María Corina Machado
María Corina Machado, the main opposition candidate, has been banned from standing for election in Venezuela © Miguel Gutierrez/EPA-EFE/Shutterstock

Venezuela’s revolutionary socialist President Nicolás Maduro is likely to win re-election next month by hook or by crook, US intelligence agencies believe. This may alarm the longtime authoritarian ruler’s opponents, but some investors sense an opportunity. 

That might seem odd. A victory in tarnished elections by a Moscow ally who has overseen a 75 per cent collapse in GDP, a bond default and a dive in oil production would not normally be the stuff of market dreams.

Yet some oil executives and bondholders think the US and the EU want to find a way to recognise Maduro, having failed to unseat him with sanctions which helped destroy the Venezuelan economy, drive Caracas into the arms of Russia and Iran and spur the exodus of 7.7mn refugees.

A halfway credible election victory by Maduro, they reckon, might do the trick, so long as it does not involve serious violence, the complete banning of the opposition or blatant fraud. After all, they argue, the US and the EU recognise worse regimes.

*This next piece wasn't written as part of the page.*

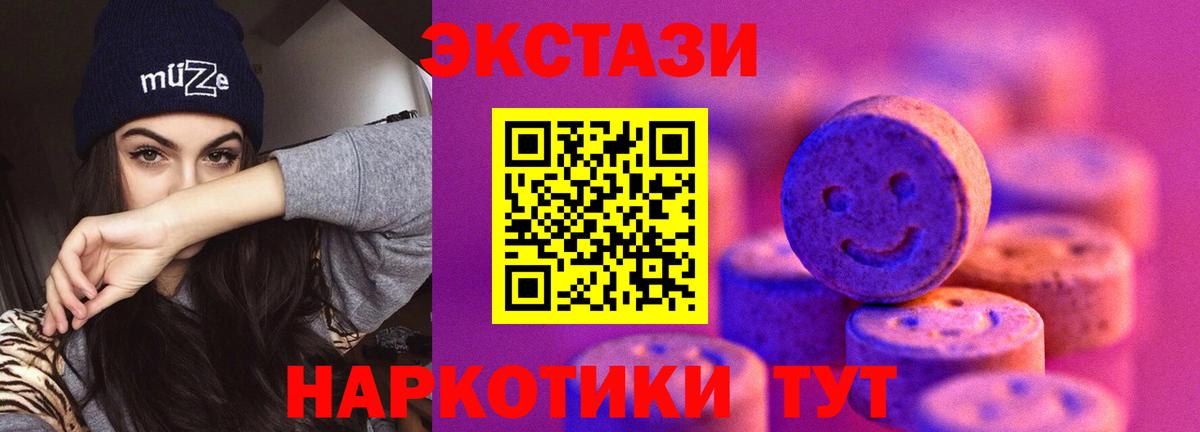 Экстази 280мг  Ecstasy  Вход с VPN  Биробиджан  ЭКСТАЗИ диски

Speakers at a recent invitation-only Venezuela conference in London laid out the bullish case. The US wants more oil and fewer migrants. The bondholders want their money. The Venezuelan government wants sanctions lifted. The Venezuelan people want decent livelihoods. Oil firms want more oil. As one speaker put it: “This is eminently doable.”

The Venezuela bulls are eyeing big prizes. Caracas has around $160bn of sovereign and state oil company debt outstanding, including interest which has accrued since the 2017 default. The benchmark 2027 sovereign bonds trade at a steep discount, around 18 cents in the dollar, so a successful restructuring could net bondholders a tidy profit.

Oil production has been gradually recovering from a nadir in 2020 after the US relaxed sanctions last year to coax Caracas towards democratic elections. Last month, Venezuela pumped 910,000 bpd, the most in five years, as foreign players led by Chevron expanded joint ventures with the state oil company PDVSA.

Less constructively, Maduro has responded to US concessions by banning the main opposition candidate, María Corina Machado, as well as a replacement she named and raising the spectre of war with neighbouring Guyana.

Washington responded to Maduro’s crackdown by reimposing broad oil sanctions on Venezuela in April. But in a less well-publicised move, it has granted exemptions to individual foreign oil and gas companies for specific deals, allowing production to rise. Chevron has been the main beneficiary, but Repsol, BP, Shell and French independent Maurel & Prom have all received licences.

A 74-year-old unknown retired diplomat, Edmundo González, remains on the ballot for the July 28 polls as the big opposition hope, allowing those who so wish to term the election “semi-competitive”.

Maduro is peddling a softer, smilier image ahead of the election on TikTok, in clips which feature him dancing salsa, playing with a parrot and helping a rapper change a flat tyre.

“You will see, it will all work out fine,” one investor grinned at the London conference, confident that Maduro will secure international recognition for his third term and unlock a debt restructuring. “There may be some turbulence, but turbulence doesn’t bring down the plane.”

A crash landing, however, remains a distinct possibility. Despite government attempts to tilt the electoral playing field its way, polls suggest that González remains on track to beat Maduro by more than 20 percentage points, a margin which would be difficult to engineer away convincingly in the count.

A blatantly fraudulent Maduro victory could bring crowds on the streets in protest. The normally reliable army might desert the president. Obvious cheating or banning the opposition completely would make it very hard for the US or the EU to recognise the result. Machado, the banned opposition candidate, says those trying to convince bondholders and oil firms to stick with Maduro are “not understanding” a shift in mood inside the country.

Luis Vicente León, president of Caracas-based research firm Datanálisis, believes that a “semi-competitive election” could encourage both sides towards negotiations afterwards to ensure governability for the winner.

“But if the gap between the two widens so much that a government victory is only possible with a big fraud or by cancelling the elections, or if the opposition calls big street protests, then the scenarios for negotiation become more complicated.”